Carla Lonzi, Art Critic – Autoritratto (Self-Portrait) – An Excerpt

It wasn’t an interest in art, my interest that is, at the beginning, I have to tell the truth, if I retrace the steps from the very beginning it comes out that I immediately had this existential feeling, like a warning from within, but my interest was in humanity in general, since I was a girl, of strong possibilities, rich possibilities, of great moments of exaltation and happiness, of opening, as if extraordinary things were possible between beings, and then I felt, instead, the frustration of closed situations, where I didn’t understand from where it came, where I felt limitations that cut off all pleasure. So, I, from this existential feeling, I began to look, being certain that it was expressed somewhere, that it would be manifested somewhere, a potentiality that I felt humanity possessed. I knew I had it and that I felt that it belonged to everyone, no matter who they were … Besides that I considered myself, let’s say, someone on the border, who hadn’t yet entered into the country, and yet, I knew this country existed and I surely had periods when I said, “I will spend my entire life here at the border.” So, I thought that to find this path, would require actions that would smash this environment that was keeping me out, and I took these actions, one after another, as you know. Then, I understood that these actions corresponded to a kind of initiation. This seems like a fact to me … For example, I had a religious period, from age 10 to 13: it was extremely important for me. I definitely won’t manage to explain it because it isn’t as interesting as other periods … but, I understood that … I didn’t rebel against culture, this is what I want to say. For me, culture wasn’t the cure-all, neither was religion, but in the religious experience I understood that an initiation in other layers of reality that I related to was possible, in line with my aspirations, and it helped me understand how humanity was actually something, let’s say, bottomless and without real distinctions, which is how I felt about it. I arrived at art when, having passed through my religious experience, I found in the artistic experience an activity that didn’t require belief, which hadn’t really interested me anyway, but satisfied an analogous need. That’s how I came closer to art.

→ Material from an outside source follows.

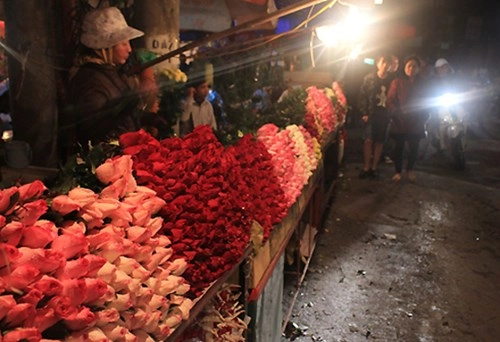 xâm nhập các chợ hoa hà nội trước ngày 83 - 4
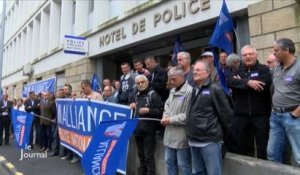 La haine anti-flics : Manifestation des policiers (Vendée)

Then I thought that, since … then, I finished university and, for me, university hadn’t been very satisfying, I mean, it was a bureaucratic fact, of culture, rather repressive … even philosophy hadn’t enthused me, but my excitement for art continued to grow, visual art to be exact. And, so, I set about to concern myself with visual art. To concern myself … let’s say, with spending a great deal of time reflecting on these facts, and later, needing to find an occupation, a profession, I decided to become an art critic. But not thinking that this activity corresponded to judgment, to an acquisition of power, to a social maneuver, or to the work of the historian or the event organizer. When I found myself working as an art critic, I saw that it was a phony profession, completely phony, that it had … maybe 90 percent, let’s say, was the university. And so, I kept away from the professional aspects of the activity of the art critic and little by little individuated the elements that for me, are completely intolerable. The most intolerable is this: that there should be an activity that calls for itself individuals, like myself, who wanted to have a deeper initiation into what is typically considered culture, right?

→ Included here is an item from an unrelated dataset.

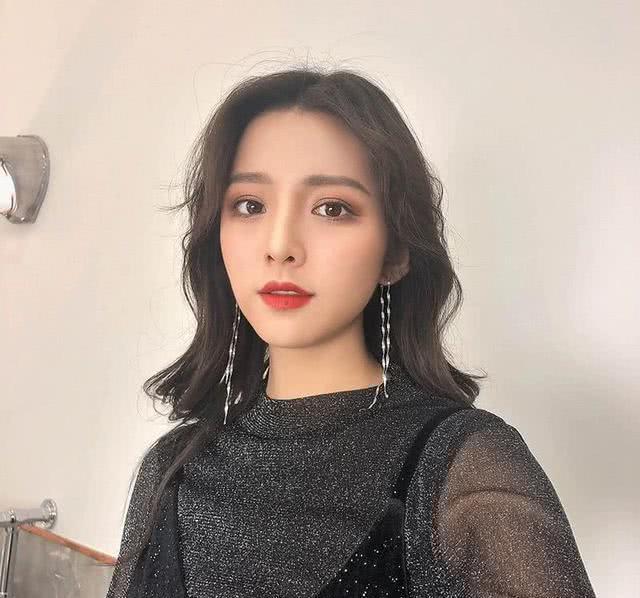 千万不要自己尝试泡沫染发剂，不然你会爱上它，发色显白更省钱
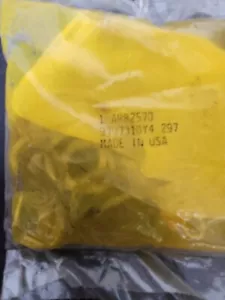 AR82570 John Deere Breakaway Coupler Overhaul Kit - NOS NEW Genuine OEM JD Part - Picture 1 of 1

The critic has an awkward psychological makeup, along with a sense of exclusion. In fact, critics are all … they’re not very friendly people, I mean, psychologically, they aren’t commendable, in the sense that I don’t even like how I started out. Yes, I had this sense of being an outsider, very strongly, in worldly things, and I think this came from a childhood experience, feeling excluded from something … And it is probably this that brought me to be interested in artists, because they seemed to me those who had the least of these characteristics: they are the least detached, I think, they have less of a sense of discord … I don’t know. For which, then, my behavior as a critic coincided with a need to interfere in other people’s situations. If I have to identify a moment in which this disposition manifested itself, which would then lead to becoming an art critic … since I was little, in public gardens, if I saw other children, for example, with an adult watching them, I went over to play with them, I remember this sense of not wanting to go back very clearly, of wanting to be a part of something of the other. For this reason, I think, that at age nine I wanted to go to boarding school, to choose a situation that belonged completely to me, and in the end, I blended into that way of life to the point that my father, when he noticed, brought me home right away. If I think back on my life, there are many of these moments.(L. Cossettini, Milano: Ricordi, 2010, pp. VI-VII.)

Then, I remember in middle school, when I had to write an essay about what I wanted to be when I grew up, I wrote that I would conduct interviews, I even remember I said I wanted to interview Laurel and Hardy, specifically. I think all critics have this element, this desire to interfere in other people’s lives. Naturally, it isn’t so pleasant when, from this rather interesting beginning, it isn’t good or bad, it is a fact, existential, then it becomes a profession, an institution, so, there, it becomes something that is no longer justifiable, and at the same time, no longer even benefits the critic, because the only thing that benefits the critic is this meddling, to be able to continue to do this, to keep doing it to the point that one isn’t conscious of it and does it without any qualms, well. Instead, then, to turn it into a career, to work from a position of power, this is a crust that develops over it and doesn’t really have anything to do with it.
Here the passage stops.